In the quest to discern the true impact of an intervention, we must first
establish a level playing field. The concept of **baseline equivalence** serves
this purpose, ensuring that the groups under comparison are similar enough in
key observed characteristics before the intervention takes place. Any
discrepancies at baseline could muddy the waters, making it difficult to isolate
the intervention's effect from pre-existing differences.

Baseline equivalence is particularly crucial in scenarios where sample sizes are
small or when we're dealing with observational studies. Let's say a company
wants to evaluate a new algorithm designed to boost user engagement. If the
group exposed to this new algorithm (the treatment group) already exhibited
higher engagement levels than the control group prior to the experiment, any
observed increase could simply be a continuation of their existing behavior, not
necessarily a testament to the algorithm's effectiveness.
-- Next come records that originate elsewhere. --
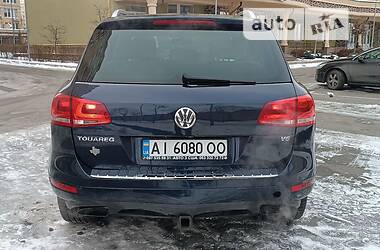 Внедорожник / Кроссовер Volkswagen Touareg 2010 в Киеве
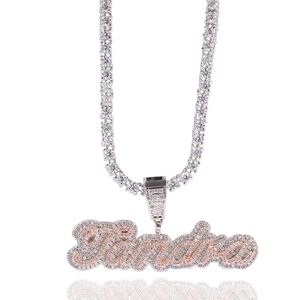 Vista macro del collar personalizado Sandra con diamantes brillantes y cadena estilo tennis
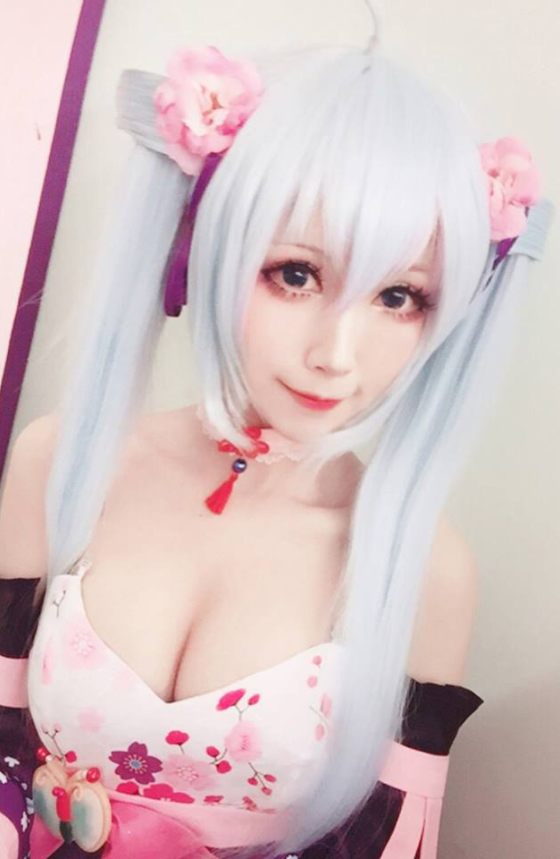 反差萌！美乳Coser身材「狠腰瘦」…退去超脫裝扮竟是「女友系正妹」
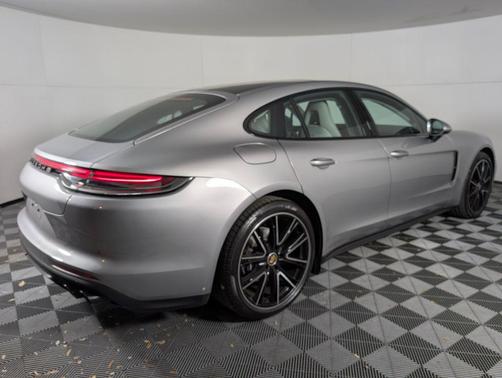 2023 Porsche Panamera Platinum Edition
## Gauging Baseline Equivalence {#sec-baseline}

To ascertain baseline equivalence, we turn to pre-intervention outcomes and
other relevant observables. A common approach is to calculate the **effect
size**, a standardized measure of the magnitude of an effect.


For **continuous variables**, Hedges' g statistic is a popular choice
(@hedges1981distribution):


$$
g = \frac{\omega(y_t-y_c)}{\sqrt{\frac{(n_t - 1) s_t^2 + (n_c - 1) s_c^2}{n_t+n_c - 2}}}
$$
where 

- $y_t$ is the mean for the treatment group
- $y_c$ is the mean for the comparison group
- $n_t$ is the sample size for the treatment group
- $n_c$ is the sample size for the comparison group
- $s_t$ is the standard deviation for the treatment group
- $s_c$ is the standard deviation for the comparison group
- $\omega := 1 - \frac{3}{4(n_t+n_c)-9}$ is the small sample size correction.

For **binary outcomes**, Cox's index comes into play (see @cox1972regression):

$$
d = \omega \left[ \ln\left(\frac{p_t}{1-p_t}\right) - \ln\left(\frac{p_c}{1-p_c}\right) \right]
$$
where:

- $p_t$ is the the mean of the outcome in the intervention group
- $p_c$ is the mean of the outcome in the comparison group
- $\omega := 1 - \frac{3}{4(n_t+n_c)-9}$ is the small sample size correction.

The general rule of thumb is that an absolute effect size greater than 0.25
signals a lack of baseline equivalence, and statistical adjustments are unlikely
to fully remedy the situation. If the absolute effect size lies between 0.05
and 0.25, statistical adjustments become necessary. An absolute effect size
below 0.05 indicates strong evidence of baseline equivalence.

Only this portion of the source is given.